SUPPLIED MATERIAL:
┄┄┄┄┄┄┄┄┄┄┄┄┄┄┄┄┄┄┄┄

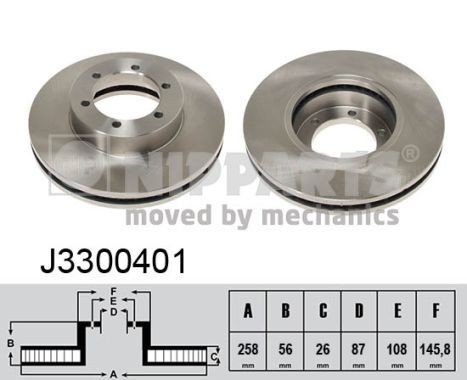 NIPPARTS J3300401: Piduriketas Ø: 258mm, sisemine õhutus, Ø: 258mm
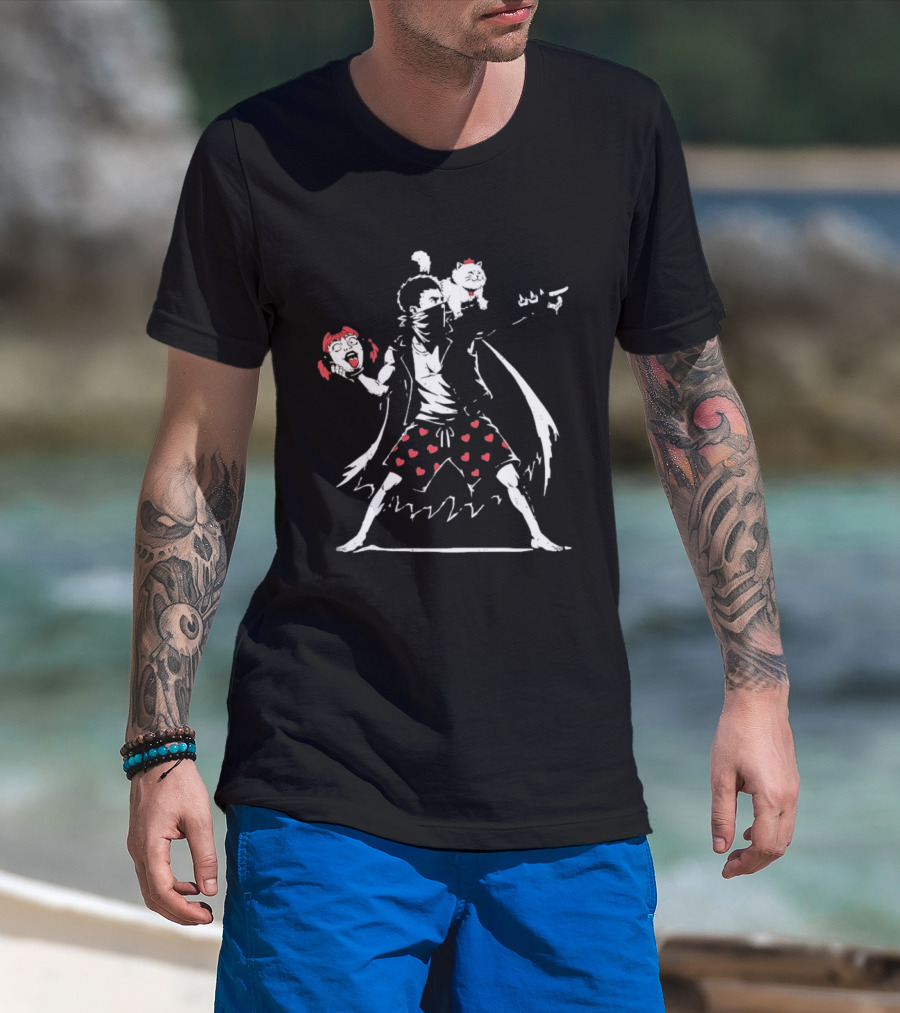 Dungeon Crawler Carl Meets Banksy Flower Thrower Chicken Pants Hearts T-Shirt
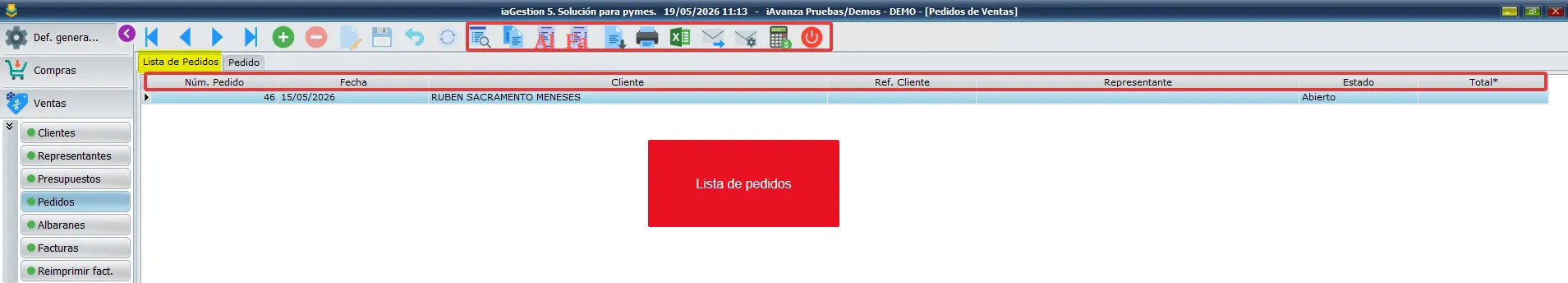 Lista pedidos de ventas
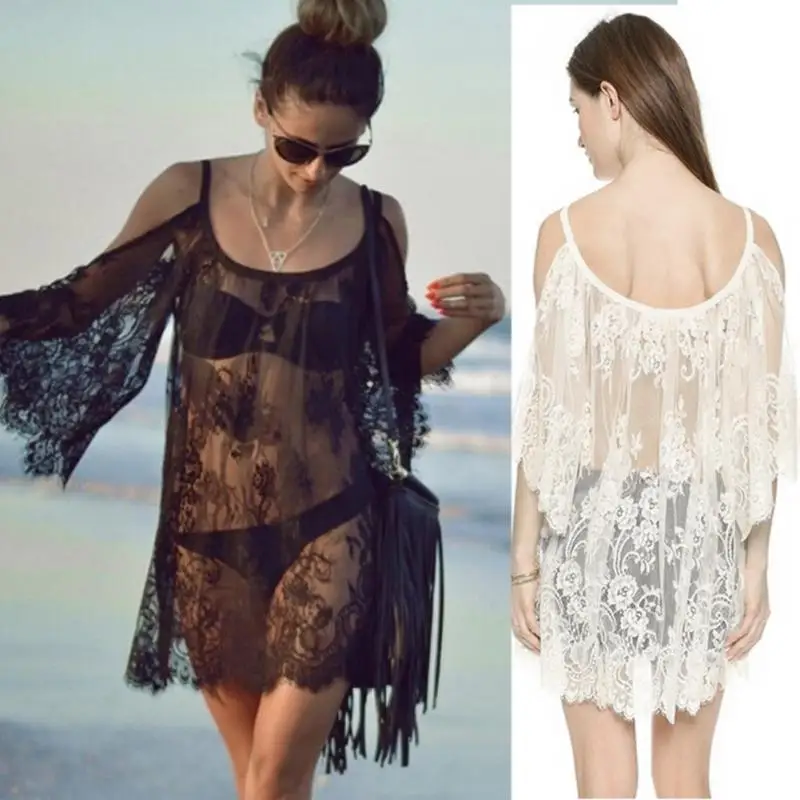 Женское кружевное платье с вышивкой повседневное короткое пляжное белое лямкой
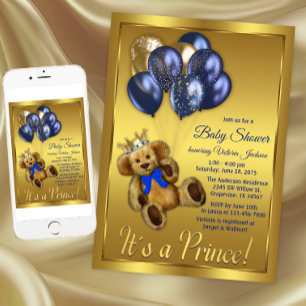 Teddy‑Bär‑Prinz Babyparty Einladung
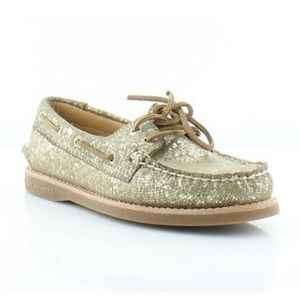 Sperry Gold Cup Authentic Original Golden Metallic Boat Shoe
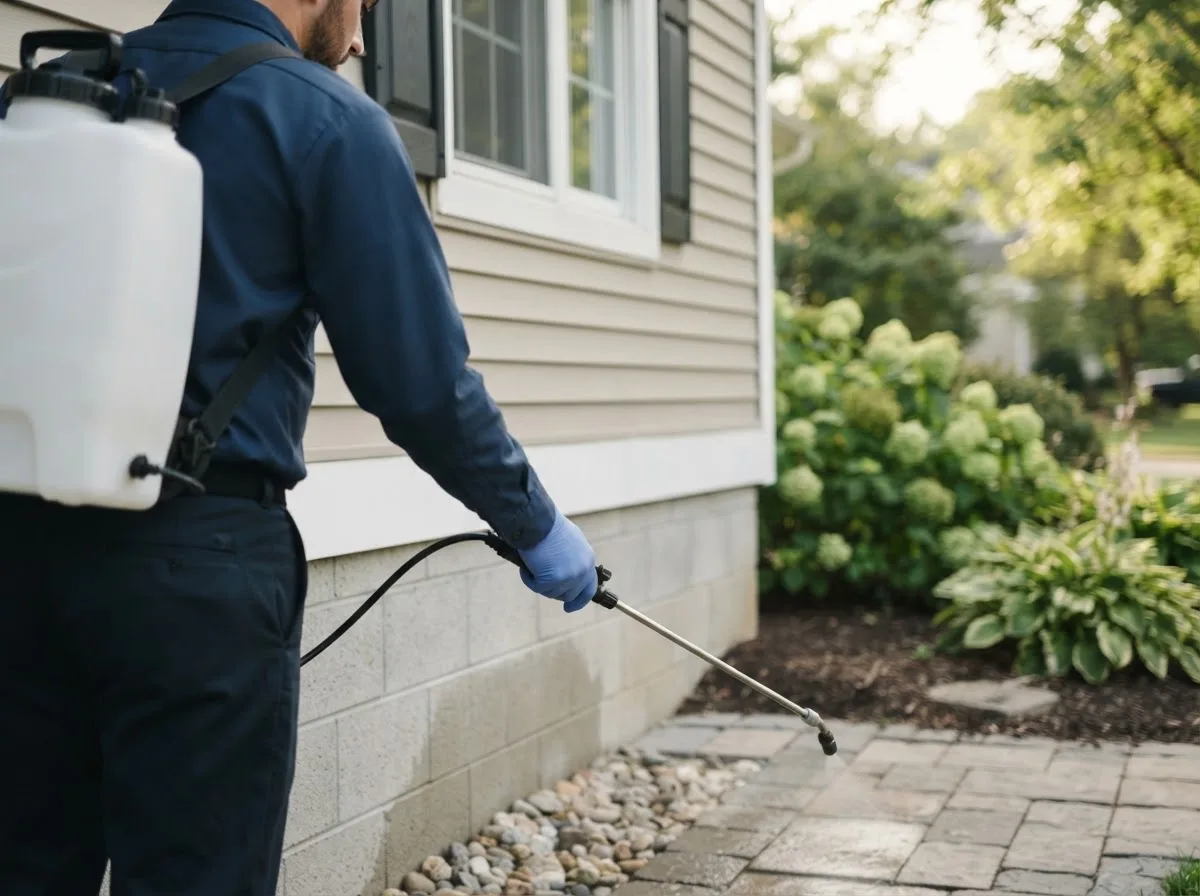Pest control technician inspecting a home in Mays, IN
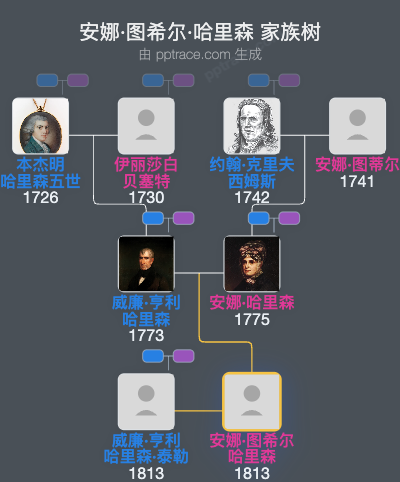 安娜·图希尔·哈里森家族树全览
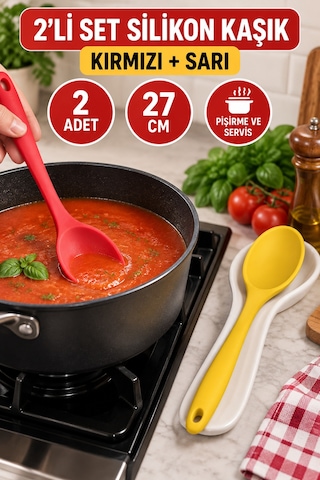 2'li Set Kırmızı Sarı Büyük Boy Silikon Kaşık 27 Cm Mutfak Yemek Pişirme Ve Servis Kaşığı Sofra İçin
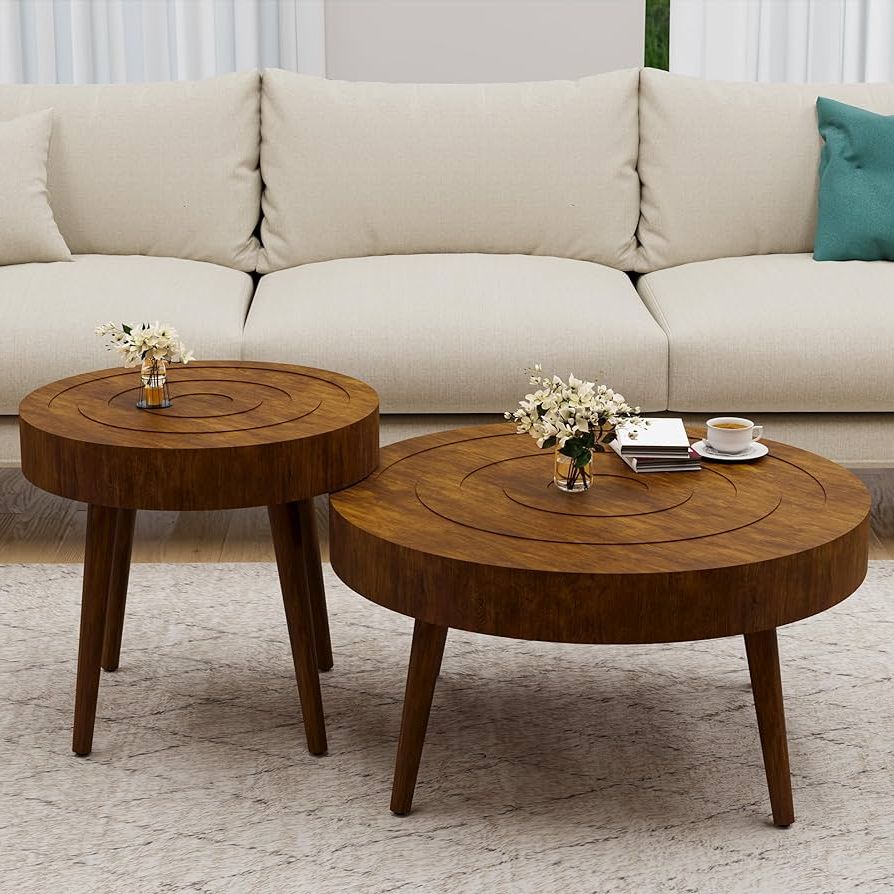 Modern Farmhouse Coffee Table Sets Intended For Famous Amazon: Koncemel Round Coffee Table Set Of 2, 2 Piece Farmhouse Nesting  Table W Wooden Circle Sleeve Pattern, Modern Mdf End Table For Living Room  Bedroom Office Balcony : Patio, Lawn & Garden (Photo 7 of 10)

┄┄┄┄┄┄┄┄┄┄┄┄┄┄┄┄┄┄┄┄

WHAT TO PRODUCE: Please set down every line of the data above precisely, dropping the images.

THE COMPLETED TASK:
 NIPPARTS J3300401: Piduriketas Ø: 258mm, sisemine õhutus, Ø: 258mm
 Dungeon Crawler Carl Meets Banksy Flower Thrower Chicken Pants Hearts T-Shirt
 Lista pedidos de ventas
 Женское кружевное платье с вышивкой повседневное короткое пляжное белое лямкой
 Teddy‑Bär‑Prinz Babyparty Einladung
 Sperry Gold Cup Authentic Original Golden Metallic Boat Shoe
Pest control technician inspecting a home in Mays, IN
 安娜·图希尔·哈里森家族树全览
 2'li Set Kırmızı Sarı Büyük Boy Silikon Kaşık 27 Cm Mutfak Yemek Pişirme Ve Servis Kaşığı Sofra İçin
 Modern Farmhouse Coffee Table Sets Intended For Famous Amazon: Koncemel Round Coffee Table Set Of 2, 2 Piece Farmhouse Nesting  Table W Wooden Circle Sleeve Pattern, Modern Mdf End Table For Living Room  Bedroom Office Balcony : Patio, Lawn & Garden (Photo 7 of 10)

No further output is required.